Methods and tools for graphically displaying data such as Box Plots, Pareto Charts and Multi-Vari Charts are used widely in business improvement, particularly where Six Sigma methods are employed. But the relationship between those and more advanced statistics is often misunderstood.
Graphical Display Methods
All of those graphical type tools are designed to help us to locate a source of variation by distinguishing values as they relate to different categorical variables. For example a box plot can be used to display and visually compare the performance of different shifts in a production plan or the heights of people by country of origin.
However there is a limitation with these methods, they rely entirely on visual interpretation.
When we are studying values as a part of problem solving and results show clear distinctions within any category, provided our sample data set is representative of the population we can focus on the obvious source of our problem with a high degree of confidence that any improvement will make a difference.

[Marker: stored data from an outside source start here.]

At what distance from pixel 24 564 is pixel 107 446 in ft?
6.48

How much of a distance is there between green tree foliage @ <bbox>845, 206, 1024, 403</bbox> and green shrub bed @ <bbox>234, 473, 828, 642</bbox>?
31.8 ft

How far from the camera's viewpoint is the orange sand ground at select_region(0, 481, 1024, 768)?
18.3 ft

For example, if we observe in our Pareto Chart that 90 percent of all lost time relates to hand injuries, or we see in our stratified box plots that all coffee made on a Monday is outside the required temperature range while all other days are inside, we don’t need some rocket scientist to come along and tell us whether or not any difference we observe is significant.

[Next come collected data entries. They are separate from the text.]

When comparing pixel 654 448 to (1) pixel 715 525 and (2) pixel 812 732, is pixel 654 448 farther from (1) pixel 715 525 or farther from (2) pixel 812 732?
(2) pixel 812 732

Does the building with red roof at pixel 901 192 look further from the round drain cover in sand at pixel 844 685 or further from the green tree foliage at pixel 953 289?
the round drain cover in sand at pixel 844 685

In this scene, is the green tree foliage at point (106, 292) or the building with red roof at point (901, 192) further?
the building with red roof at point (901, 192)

However, if the differences we observe between say coffee temperature results on the Monday and the rest of the week are quite overlapped and we cannot say with absolute confidence that the difference is not just because of sample variation, we must bring inferential statistics into play.

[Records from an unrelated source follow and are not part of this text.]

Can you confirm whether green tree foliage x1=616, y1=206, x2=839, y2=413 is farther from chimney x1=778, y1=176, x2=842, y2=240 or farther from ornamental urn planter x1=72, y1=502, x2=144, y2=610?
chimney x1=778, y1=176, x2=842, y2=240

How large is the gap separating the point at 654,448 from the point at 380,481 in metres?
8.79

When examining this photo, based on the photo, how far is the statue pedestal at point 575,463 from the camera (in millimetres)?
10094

The role of inferential statistics comes to the fore when we work with samples. Its role is to minimise the risk of us focusing on one variable when in fact it was never a source of variation in the first place. We use inferential statistics to validate our hypothesis that a particular observed source of variation (based on a sample of data) is in fact a source of variation we should treat.
The diagram above shows common graphical techniques as well as statistical methods used to locate and validate sources of variation.
Do you need statistics in business?
If you work with sample data then the answer is a resounding yes.